* [TASK STATEMENT]
Could you copy the data that follows exactly as written, but drop the pictures?
---------- RECORDS SUPPLIED
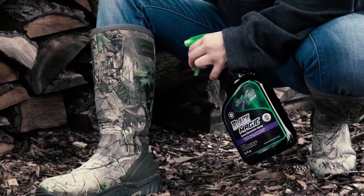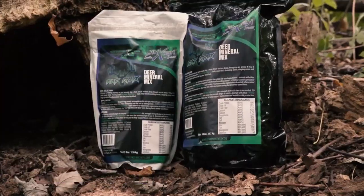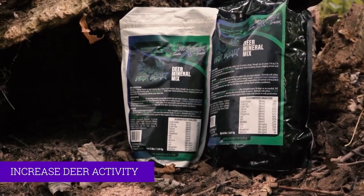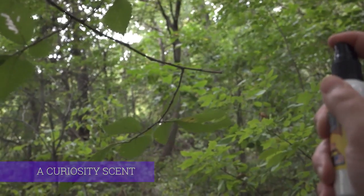Start your season right with Blackmagic Scent Elimination Spray. See increased activity when you start using FatRex Mineral. Attract more with Lint Liquor.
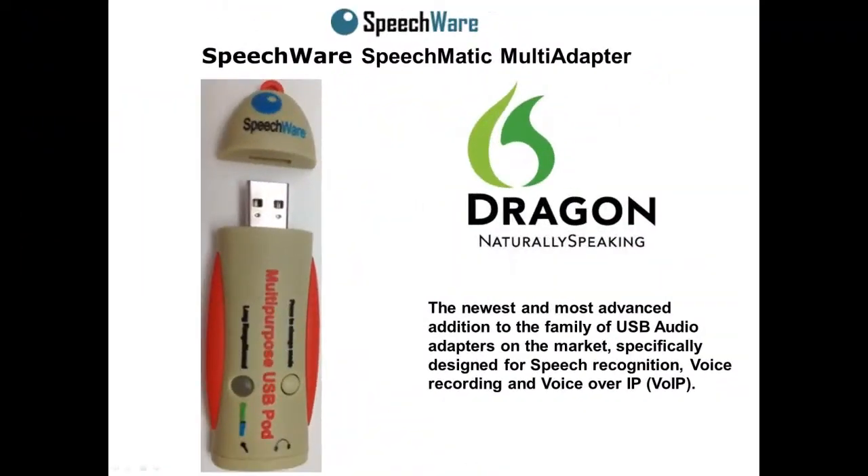The Speechware Speechmatic Multi-Adapter is the newest and most advanced addition to the family of USB audio adapters in the market, specifically designed for speech recognition, voice recording, and VoIP. USB sound cards bypass your desktop or laptop computer's integrated sound system, increasing performance of microphone input and stereo speaker output for all of your digital audio applications.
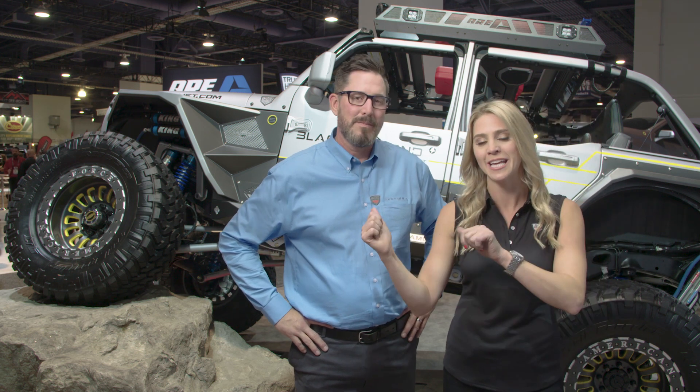One Jeep that has a presence here at the Truck Hero booth is this one — and it's not because it's lifted on a boulder. It is an eye catcher; it's something different, and it's bigger and better than probably anything we've seen at the SEMA show altogether. I'm Katie Osmer, alongside me is Mike from Superlift. Why is this one getting so much attention?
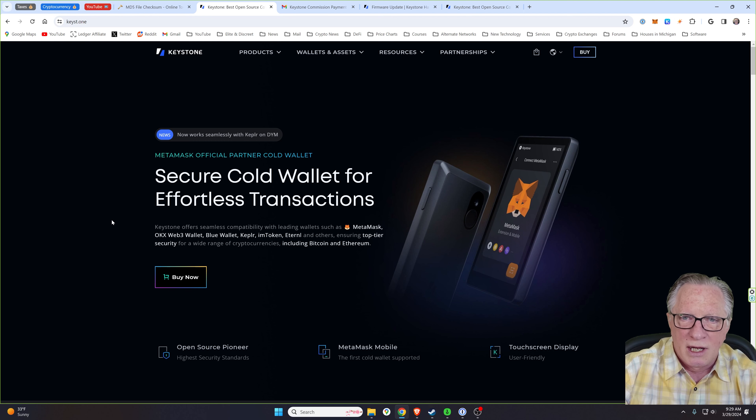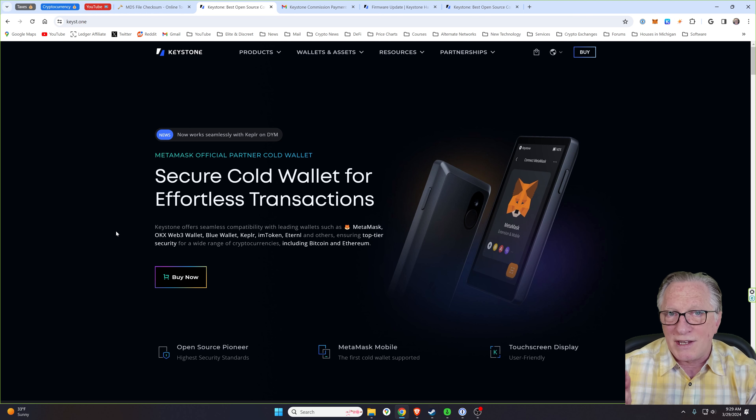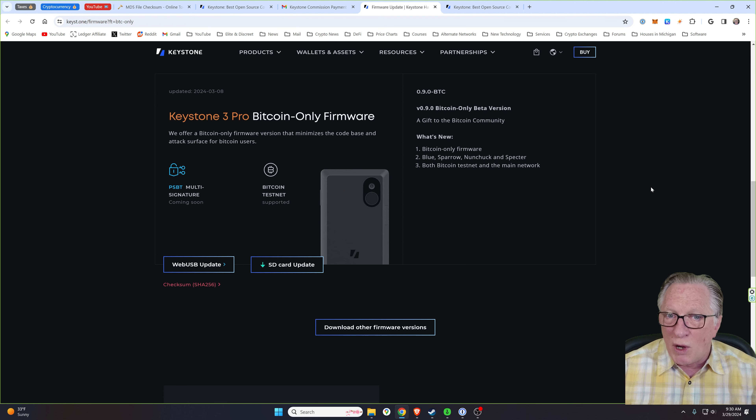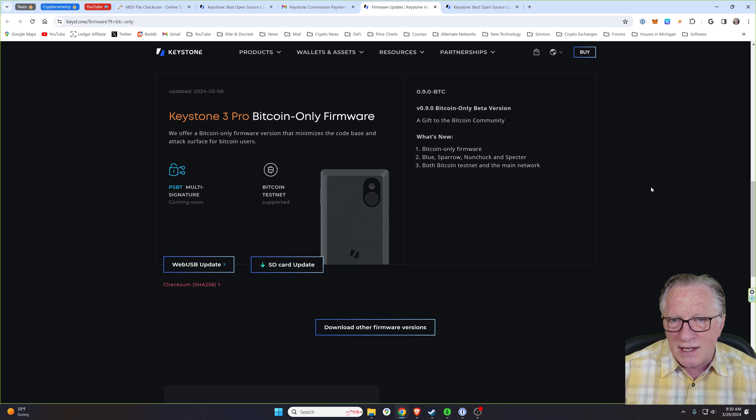I'm here on the Keystone homepage — I'll give you a link in the description. The idea of Bitcoin-only firmware is that it is designed specifically for Bitcoin only and does not include any multi-coin software, so it has a smaller attack surface for anyone trying to compromise it. When you couple that with the air-gapped Keystone 3 Pro, you've got a super safe and secure way of storing Bitcoin.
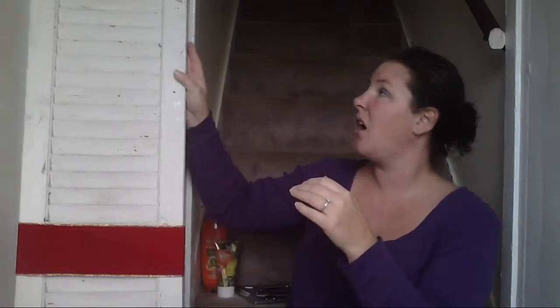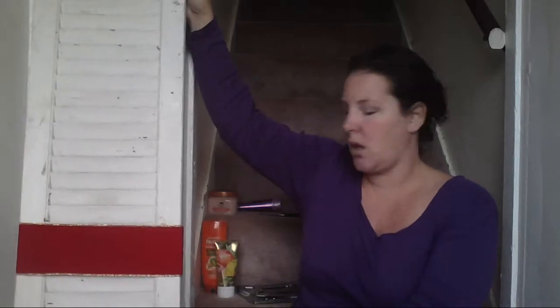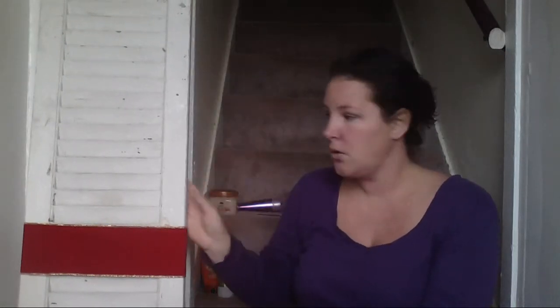Let's get right into this, shall we? So, like I said, this is an old shutter. It's not super tall. I'll stand up — it comes up to my shoulder. I'm 5'4", so it's about 5' tall.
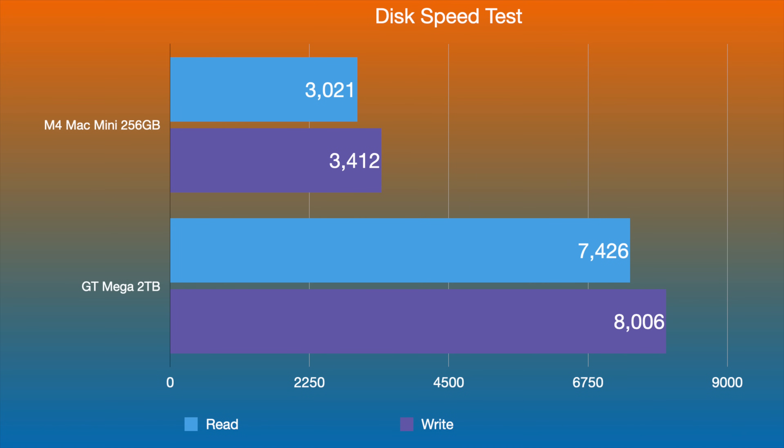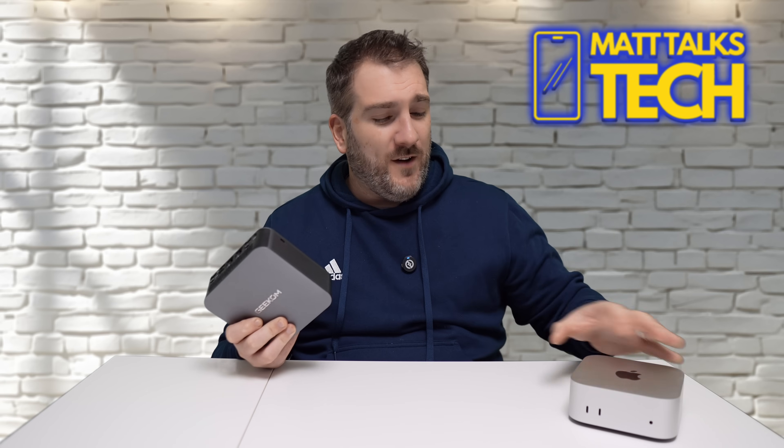I ran a disk speed test on both machines. The Mac Mini with 256 GB storage gave a read speed of just over 3,000 MB/s and around 3,400 MB/s write. The GT Series Mega with two terabytes delivered over double that — around 7,000 MB/s read and just over 8,000 MB/s write. Truly impressive, and you can add another M.2 drive on top of that, whereas the Mac Mini's M4 (non-Pro) storage is nowhere near as fast.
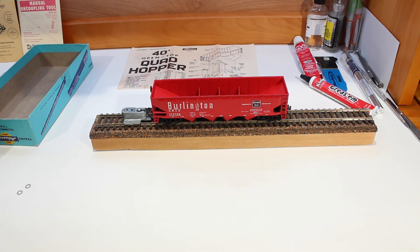There's our quad hopper all assembled. Now we just got to go try it out on the layout. Let's go.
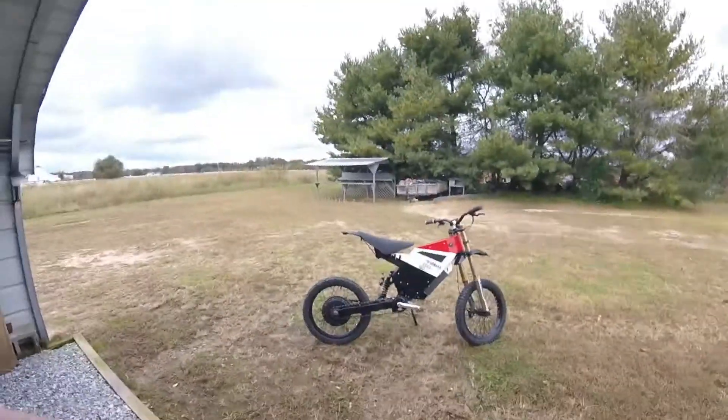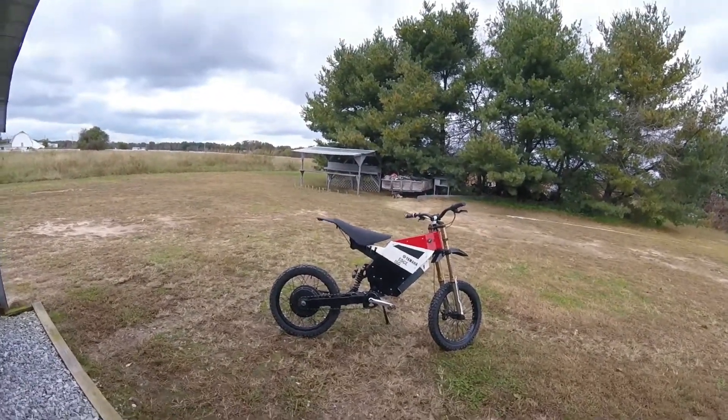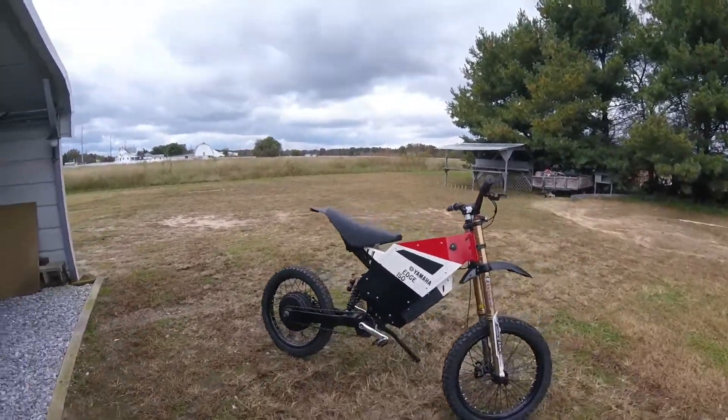Hey, what's up guys? It's an October Sunday afternoon, cloudy. You've probably been wondering whatever happened to the electric bicycle I was building. Well, we finally figured out what the problem was — I had problems with the throttle. Figured out what I was doing wrong in the program, and there we go, it is up and running.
--------------------
* [RESPONSE]
Start your season right with Blackmagic Scent Elimination Spray. See increased activity when you start using FatRex Mineral. Attract more with Lint Liquor.
The Speechware Speechmatic Multi-Adapter is the newest and most advanced addition to the family of USB audio adapters in the market, specifically designed for speech recognition, voice recording, and VoIP. USB sound cards bypass your desktop or laptop computer's integrated sound system, increasing performance of microphone input and stereo speaker output for all of your digital audio applications.
One Jeep that has a presence here at the Truck Hero booth is this one — and it's not because it's lifted on a boulder. It is an eye catcher; it's something different, and it's bigger and better than probably anything we've seen at the SEMA show altogether. I'm Katie Osmer, alongside me is Mike from Superlift. Why is this one getting so much attention?
I'm here on the Keystone homepage — I'll give you a link in the description. The idea of Bitcoin-only firmware is that it is designed specifically for Bitcoin only and does not include any multi-coin software, so it has a smaller attack surface for anyone trying to compromise it. When you couple that with the air-gapped Keystone 3 Pro, you've got a super safe and secure way of storing Bitcoin.
Let's get right into this, shall we? So, like I said, this is an old shutter. It's not super tall. I'll stand up — it comes up to my shoulder. I'm 5'4", so it's about 5' tall.
I ran a disk speed test on both machines. The Mac Mini with 256 GB storage gave a read speed of just over 3,000 MB/s and around 3,400 MB/s write. The GT Series Mega with two terabytes delivered over double that — around 7,000 MB/s read and just over 8,000 MB/s write. Truly impressive, and you can add another M.2 drive on top of that, whereas the Mac Mini's M4 (non-Pro) storage is nowhere near as fast.
There's our quad hopper all assembled. Now we just got to go try it out on the layout. Let's go.
Hey, what's up guys? It's an October Sunday afternoon, cloudy. You've probably been wondering whatever happened to the electric bicycle I was building. Well, we finally figured out what the problem was — I had problems with the throttle. Figured out what I was doing wrong in the program, and there we go, it is up and running.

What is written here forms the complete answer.